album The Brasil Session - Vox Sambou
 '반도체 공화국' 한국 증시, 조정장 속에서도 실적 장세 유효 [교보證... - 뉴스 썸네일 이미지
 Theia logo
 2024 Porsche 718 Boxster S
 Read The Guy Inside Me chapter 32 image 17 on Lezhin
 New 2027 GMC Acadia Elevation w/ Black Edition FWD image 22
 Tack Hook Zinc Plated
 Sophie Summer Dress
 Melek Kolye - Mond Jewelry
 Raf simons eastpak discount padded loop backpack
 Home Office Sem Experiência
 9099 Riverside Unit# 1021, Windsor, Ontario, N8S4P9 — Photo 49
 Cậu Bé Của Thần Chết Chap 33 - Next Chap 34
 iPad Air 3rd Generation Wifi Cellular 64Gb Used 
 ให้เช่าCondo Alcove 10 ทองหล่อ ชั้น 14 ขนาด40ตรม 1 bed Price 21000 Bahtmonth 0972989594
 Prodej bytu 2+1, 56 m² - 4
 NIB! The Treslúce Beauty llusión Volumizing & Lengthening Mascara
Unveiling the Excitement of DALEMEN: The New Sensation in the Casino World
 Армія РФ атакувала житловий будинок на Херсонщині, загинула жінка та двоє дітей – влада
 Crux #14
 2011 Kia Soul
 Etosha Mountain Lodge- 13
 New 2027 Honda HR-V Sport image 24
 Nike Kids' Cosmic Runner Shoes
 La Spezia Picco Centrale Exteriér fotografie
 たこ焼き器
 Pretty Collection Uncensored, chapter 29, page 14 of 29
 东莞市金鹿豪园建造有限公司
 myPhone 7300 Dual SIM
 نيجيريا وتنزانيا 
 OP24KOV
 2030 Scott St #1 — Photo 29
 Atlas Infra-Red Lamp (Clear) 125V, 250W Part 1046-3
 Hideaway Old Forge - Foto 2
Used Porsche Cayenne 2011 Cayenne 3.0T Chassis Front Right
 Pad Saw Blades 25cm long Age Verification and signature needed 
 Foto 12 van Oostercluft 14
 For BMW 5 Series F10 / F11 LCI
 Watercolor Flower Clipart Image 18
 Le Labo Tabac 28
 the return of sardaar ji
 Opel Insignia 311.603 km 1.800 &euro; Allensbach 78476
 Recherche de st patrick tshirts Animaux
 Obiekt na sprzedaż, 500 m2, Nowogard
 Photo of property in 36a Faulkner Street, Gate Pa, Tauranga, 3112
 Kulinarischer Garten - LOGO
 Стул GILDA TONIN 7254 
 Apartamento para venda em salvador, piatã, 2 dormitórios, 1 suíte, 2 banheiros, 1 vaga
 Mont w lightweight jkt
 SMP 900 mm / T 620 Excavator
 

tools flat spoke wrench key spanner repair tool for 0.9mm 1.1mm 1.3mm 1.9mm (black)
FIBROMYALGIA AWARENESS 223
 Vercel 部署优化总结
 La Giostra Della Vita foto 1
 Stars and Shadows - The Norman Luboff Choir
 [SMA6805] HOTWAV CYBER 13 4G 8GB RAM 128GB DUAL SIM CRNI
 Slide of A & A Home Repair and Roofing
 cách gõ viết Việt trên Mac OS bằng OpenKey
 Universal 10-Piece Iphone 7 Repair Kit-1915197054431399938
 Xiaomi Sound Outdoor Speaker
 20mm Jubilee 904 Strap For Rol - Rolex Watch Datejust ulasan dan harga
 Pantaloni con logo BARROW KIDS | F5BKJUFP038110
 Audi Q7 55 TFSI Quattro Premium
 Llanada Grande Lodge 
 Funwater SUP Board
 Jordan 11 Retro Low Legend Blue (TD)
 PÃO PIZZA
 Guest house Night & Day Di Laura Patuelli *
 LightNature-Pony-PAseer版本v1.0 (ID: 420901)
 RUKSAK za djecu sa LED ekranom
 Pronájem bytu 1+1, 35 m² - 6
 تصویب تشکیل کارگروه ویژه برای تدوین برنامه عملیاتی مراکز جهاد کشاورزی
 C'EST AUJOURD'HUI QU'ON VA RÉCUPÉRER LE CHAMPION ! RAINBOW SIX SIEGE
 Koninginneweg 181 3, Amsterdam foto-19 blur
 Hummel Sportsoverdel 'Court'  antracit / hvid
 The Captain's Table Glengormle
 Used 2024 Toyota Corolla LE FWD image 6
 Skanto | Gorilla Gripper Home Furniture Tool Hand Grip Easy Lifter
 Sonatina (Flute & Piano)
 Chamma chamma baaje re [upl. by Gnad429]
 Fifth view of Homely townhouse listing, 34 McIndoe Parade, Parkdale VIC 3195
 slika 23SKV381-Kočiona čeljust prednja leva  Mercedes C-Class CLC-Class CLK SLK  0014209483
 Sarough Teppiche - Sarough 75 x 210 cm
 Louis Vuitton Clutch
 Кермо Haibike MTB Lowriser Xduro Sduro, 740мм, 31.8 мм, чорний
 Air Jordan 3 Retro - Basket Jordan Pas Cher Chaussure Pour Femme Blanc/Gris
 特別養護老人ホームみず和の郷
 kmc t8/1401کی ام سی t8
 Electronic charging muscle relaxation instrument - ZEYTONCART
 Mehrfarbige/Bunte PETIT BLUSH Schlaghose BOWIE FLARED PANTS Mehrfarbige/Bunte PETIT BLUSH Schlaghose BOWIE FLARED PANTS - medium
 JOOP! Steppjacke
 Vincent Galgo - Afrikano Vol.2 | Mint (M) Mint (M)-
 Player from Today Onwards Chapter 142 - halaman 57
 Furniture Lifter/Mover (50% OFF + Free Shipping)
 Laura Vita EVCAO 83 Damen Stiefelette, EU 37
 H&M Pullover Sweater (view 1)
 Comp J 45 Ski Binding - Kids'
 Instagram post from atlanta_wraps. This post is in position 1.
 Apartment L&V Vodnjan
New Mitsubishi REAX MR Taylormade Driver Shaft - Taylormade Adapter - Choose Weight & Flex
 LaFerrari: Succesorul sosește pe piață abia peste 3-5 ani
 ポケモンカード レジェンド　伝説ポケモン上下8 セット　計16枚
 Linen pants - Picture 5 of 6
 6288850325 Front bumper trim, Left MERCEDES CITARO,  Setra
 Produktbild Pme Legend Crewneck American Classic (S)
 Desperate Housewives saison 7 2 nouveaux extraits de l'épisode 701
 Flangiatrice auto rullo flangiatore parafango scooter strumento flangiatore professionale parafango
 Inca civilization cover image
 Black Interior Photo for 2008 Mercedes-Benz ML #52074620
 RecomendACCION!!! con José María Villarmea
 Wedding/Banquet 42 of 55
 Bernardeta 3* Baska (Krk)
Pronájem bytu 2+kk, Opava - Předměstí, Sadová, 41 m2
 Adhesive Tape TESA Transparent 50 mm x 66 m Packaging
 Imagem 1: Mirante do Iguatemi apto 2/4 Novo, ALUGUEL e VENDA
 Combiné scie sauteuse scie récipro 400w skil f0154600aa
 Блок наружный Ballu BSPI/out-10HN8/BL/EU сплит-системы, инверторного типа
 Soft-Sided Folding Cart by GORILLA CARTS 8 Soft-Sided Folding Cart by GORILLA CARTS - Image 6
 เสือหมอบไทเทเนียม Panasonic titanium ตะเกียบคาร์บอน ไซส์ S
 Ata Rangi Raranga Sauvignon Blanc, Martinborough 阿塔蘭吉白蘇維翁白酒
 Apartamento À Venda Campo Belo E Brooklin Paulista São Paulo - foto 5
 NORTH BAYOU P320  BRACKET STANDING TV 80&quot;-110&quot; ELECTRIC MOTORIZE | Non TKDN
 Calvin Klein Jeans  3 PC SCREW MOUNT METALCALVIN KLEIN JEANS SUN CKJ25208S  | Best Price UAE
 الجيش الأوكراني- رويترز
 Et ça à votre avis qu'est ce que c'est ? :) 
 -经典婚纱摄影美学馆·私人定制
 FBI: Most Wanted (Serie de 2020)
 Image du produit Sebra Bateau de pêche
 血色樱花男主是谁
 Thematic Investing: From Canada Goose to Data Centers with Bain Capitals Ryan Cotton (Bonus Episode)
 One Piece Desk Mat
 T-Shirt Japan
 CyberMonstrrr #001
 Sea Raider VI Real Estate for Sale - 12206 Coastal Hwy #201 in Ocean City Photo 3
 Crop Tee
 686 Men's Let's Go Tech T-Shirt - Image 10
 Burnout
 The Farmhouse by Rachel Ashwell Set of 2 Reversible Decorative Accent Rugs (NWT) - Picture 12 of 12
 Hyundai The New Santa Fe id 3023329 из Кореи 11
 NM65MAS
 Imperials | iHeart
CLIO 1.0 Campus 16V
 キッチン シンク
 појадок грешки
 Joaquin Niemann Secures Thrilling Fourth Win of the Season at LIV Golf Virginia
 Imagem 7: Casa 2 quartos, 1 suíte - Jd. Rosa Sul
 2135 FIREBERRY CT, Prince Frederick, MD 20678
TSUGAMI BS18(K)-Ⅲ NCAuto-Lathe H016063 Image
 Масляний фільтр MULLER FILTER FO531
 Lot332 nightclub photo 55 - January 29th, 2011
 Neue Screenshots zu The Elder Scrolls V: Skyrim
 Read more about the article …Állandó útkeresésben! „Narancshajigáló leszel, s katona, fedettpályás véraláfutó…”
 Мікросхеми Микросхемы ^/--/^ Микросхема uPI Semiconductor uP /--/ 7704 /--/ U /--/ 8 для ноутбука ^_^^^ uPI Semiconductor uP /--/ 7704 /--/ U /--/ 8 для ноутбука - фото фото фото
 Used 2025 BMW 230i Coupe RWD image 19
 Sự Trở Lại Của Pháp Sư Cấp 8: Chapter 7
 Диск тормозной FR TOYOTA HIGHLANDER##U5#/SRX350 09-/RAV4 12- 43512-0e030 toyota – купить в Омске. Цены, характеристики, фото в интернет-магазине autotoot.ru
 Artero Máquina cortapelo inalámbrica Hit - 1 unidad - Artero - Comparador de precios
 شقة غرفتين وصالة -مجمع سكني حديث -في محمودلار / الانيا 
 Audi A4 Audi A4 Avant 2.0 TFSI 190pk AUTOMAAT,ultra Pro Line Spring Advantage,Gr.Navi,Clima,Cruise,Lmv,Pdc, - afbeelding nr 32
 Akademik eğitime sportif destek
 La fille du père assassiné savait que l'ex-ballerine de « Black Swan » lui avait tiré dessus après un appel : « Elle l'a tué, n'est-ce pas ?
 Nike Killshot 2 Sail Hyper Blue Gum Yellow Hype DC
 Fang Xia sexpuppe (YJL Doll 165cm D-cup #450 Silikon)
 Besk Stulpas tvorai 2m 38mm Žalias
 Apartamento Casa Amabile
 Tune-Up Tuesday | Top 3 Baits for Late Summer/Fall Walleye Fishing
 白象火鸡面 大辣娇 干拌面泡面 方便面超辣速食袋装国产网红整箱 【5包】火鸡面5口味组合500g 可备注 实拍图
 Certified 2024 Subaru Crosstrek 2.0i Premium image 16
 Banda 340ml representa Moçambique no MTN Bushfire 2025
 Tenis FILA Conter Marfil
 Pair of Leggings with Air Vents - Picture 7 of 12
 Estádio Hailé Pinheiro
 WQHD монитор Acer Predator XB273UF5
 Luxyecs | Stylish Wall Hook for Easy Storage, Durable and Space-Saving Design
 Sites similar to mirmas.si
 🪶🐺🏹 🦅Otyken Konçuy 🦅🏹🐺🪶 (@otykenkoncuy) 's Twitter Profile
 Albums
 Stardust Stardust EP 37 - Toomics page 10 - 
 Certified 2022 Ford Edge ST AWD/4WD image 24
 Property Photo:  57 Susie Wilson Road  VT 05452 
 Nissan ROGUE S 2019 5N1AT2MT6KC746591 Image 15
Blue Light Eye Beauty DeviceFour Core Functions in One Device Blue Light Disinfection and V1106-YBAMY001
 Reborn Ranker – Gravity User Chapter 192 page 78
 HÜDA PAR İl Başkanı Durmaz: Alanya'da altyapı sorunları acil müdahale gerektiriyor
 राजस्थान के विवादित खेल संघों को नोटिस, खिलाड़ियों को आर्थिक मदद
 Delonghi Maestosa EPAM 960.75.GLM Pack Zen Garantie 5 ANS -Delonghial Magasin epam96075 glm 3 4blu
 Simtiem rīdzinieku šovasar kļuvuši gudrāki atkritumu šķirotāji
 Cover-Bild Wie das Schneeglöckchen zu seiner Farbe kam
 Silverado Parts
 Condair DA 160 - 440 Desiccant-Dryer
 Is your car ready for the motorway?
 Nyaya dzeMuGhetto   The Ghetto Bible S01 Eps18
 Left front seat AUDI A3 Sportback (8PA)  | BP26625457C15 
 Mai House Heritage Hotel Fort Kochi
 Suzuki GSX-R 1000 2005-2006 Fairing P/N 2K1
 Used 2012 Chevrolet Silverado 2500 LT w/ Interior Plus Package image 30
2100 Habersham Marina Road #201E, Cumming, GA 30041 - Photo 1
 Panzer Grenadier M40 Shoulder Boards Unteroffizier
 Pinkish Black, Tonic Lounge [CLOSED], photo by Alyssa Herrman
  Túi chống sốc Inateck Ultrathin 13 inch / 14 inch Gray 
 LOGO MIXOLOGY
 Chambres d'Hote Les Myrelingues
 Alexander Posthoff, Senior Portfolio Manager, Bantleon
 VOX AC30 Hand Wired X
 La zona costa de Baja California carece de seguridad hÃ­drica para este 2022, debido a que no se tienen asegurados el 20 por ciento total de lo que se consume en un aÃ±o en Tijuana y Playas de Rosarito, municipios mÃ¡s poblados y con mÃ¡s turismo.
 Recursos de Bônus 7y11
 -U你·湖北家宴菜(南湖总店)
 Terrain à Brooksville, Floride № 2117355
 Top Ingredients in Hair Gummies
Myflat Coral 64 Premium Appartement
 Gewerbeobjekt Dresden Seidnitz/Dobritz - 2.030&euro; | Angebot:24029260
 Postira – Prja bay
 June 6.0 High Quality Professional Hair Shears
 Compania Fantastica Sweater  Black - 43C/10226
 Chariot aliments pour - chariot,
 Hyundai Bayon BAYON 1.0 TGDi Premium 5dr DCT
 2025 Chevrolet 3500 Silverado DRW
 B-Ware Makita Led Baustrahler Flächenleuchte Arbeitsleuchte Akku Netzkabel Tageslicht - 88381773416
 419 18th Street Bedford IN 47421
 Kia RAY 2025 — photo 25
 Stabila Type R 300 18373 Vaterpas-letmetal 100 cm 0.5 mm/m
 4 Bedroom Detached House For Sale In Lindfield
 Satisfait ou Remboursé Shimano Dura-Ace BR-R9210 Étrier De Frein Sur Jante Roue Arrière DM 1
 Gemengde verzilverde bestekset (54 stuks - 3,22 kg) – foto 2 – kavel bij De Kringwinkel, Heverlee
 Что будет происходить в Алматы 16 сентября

= = = = =

Instructions to follow ▸ Using the listing above, pick out each line that contains the word "Piece", then copy it.

Answer space ▸
 Universal 10-Piece Iphone 7 Repair Kit-1915197054431399938
 One Piece Desk Mat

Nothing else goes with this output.